While Victoria has established a redress scheme to provide compensation for victims, the WA government said in 2024 it was “under further consideration”.
“I think they won’t commit to anything if it is going to cost them,” Ms Brown said.
“We’re going to get a new racetrack, we’ve got a new rugby team; how many millions of dollars have gone towards those two things alone?”
Her mother believes the government is just waiting for the survivors to die.
“How long do you need to consider,” she asks.
Late discovery adoptee Danae Witherow described her experiences as “hell on Earth”.
“I had grown up in a family with grandparents, siblings, aunts, uncles, cousins who all knew the truth,” Ms Witherow said.
“It’s the worst feeling in the world to realise that everybody you knew lied.”
She shares Ms Brown and Ms Webb’s frustrations over the government’s slow response to its 2024 Broken Bonds, Fracture Lives report.
“I’m not satisfied with anything the government has done,” Ms Witherow said.
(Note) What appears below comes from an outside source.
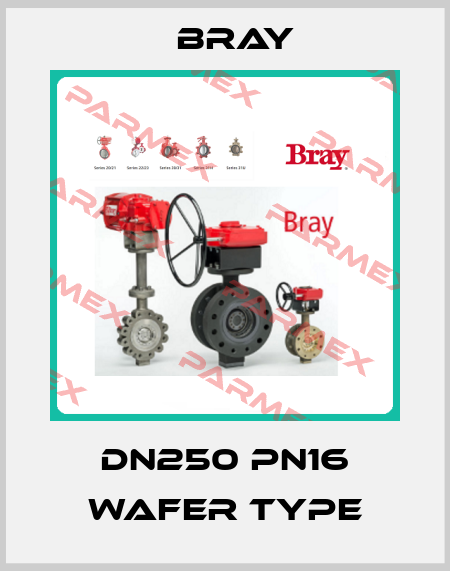 DN250 PN16 Wafer Type Bray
Recommendations called for the Salvation Army, the Institute of Sisters of Mercy of Australia and Papua New Guinea (ISMAPNG), and Ngala to particpate in a redress scheme.
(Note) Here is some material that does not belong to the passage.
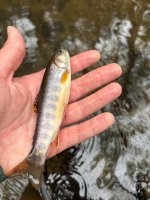 IMG_7672.jpeg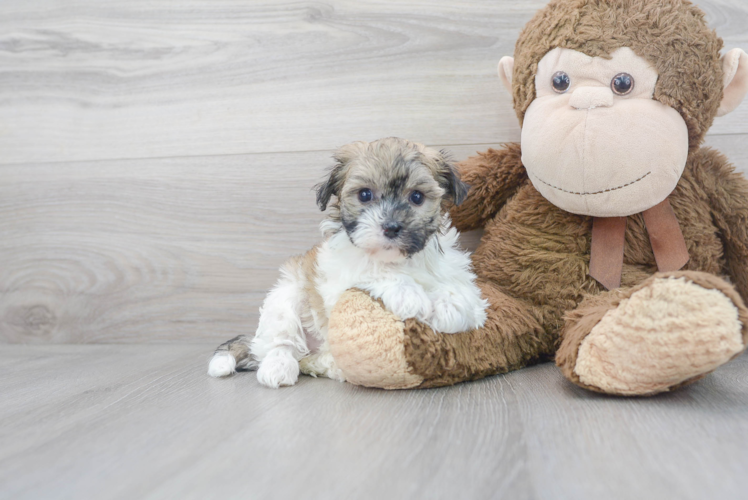 Havanese Pup Being Cute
Spokespeople from the Salvation Army and Ngala told the Herald a redress scheme had to be decided by the state government.
ISMAPNG said in a media statement it had not been involved in arranged adoptions at any time in WA.
“As our sisters did not arrange adoptions, we do not intend to join any compensation scheme that is to be established for persons impacted by past forced adoption practices,” an ISMAPNG spokesperson said.
Ms Brown fears part of the slow response is to protect the names of people involved.
“The more people you bring in, it becomes bigger than Ben-Hur; that’s why they’re trying to keep it contained.”
“So many people were complicit in those days.
Many of the victims were also forced to take Stilbestrol, a drug used to suppress lactation.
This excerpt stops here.